Others express frustration on the cumbersome nature of their organization’s process or the time commitment involved. A precious few leaders I know truly value reviews and have learned how to leverage them for results. But the frequent resistance is surprising to me since I have come to see candid conversations about performance and value to the organization as powerful tools to increase employee engagement and drive results.
My second performance review as a professional, over twenty-five years ago, illustrates the value of reviews when done effectively. I remember it vividly: in a thirty-minute conversation, Andre made a huge difference in my relationship with the university and future success in the job.
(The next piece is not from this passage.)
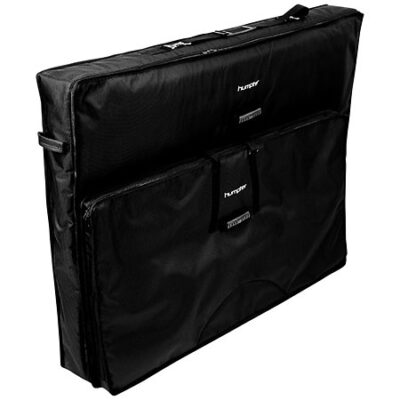 Humpter B3 Padded Bags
After cracking a few jokes and flashing his broad smile (he knew I was nervous), he offered a compelling vision for how I could grow in the position, providing caring, candid feedback. Andre affirmed the work I had done, emphasizing the difference it had made for our institution and students. And he shared how he had seen my strengths as a leader on display in the context of our team.
Things had already been going well for me at the university, but our brief conversation set me up for further success. In that short time, my boss energized me by helping me see my own strengths. Sure, I had a sense, but the tangible examples he provided me further perspective for the season ahead.
Andre did two other things that day that helped me. He tapped into my deep desire for meaning by emphasizing the difference I was making in my students’ lives. And, by talking me through some of the obstacles I was facing, he pointed me toward an even better future with the institution.
As I consider that conversation and the performance reviews, I have done with my own team members over the years, a few thoughts stand out. First, with rare exception, I have found them to be an invaluable context to help people see the big picture and recognize the importance of their work. In addition, reviews are an ideal context for candid conversations about the challenges involved in the work; both customers and the organization benefit as a result. Finally, review processes provide important opportunities to affirm the strengths of employees, reinforcing positive behaviors and strengthening the connection between boss and employee.
All of these elements make a difference in one essential area: employee engagement. By affirming their work, offering candid feedback, and identifying the gifts of employees, performance reviews can help them to feel better about themselves and enable us to strengthen our connection with our workers and theirs to the institution. As leaders, we do well to seize this opportunity to impact our employees; we neglect it to our own peril.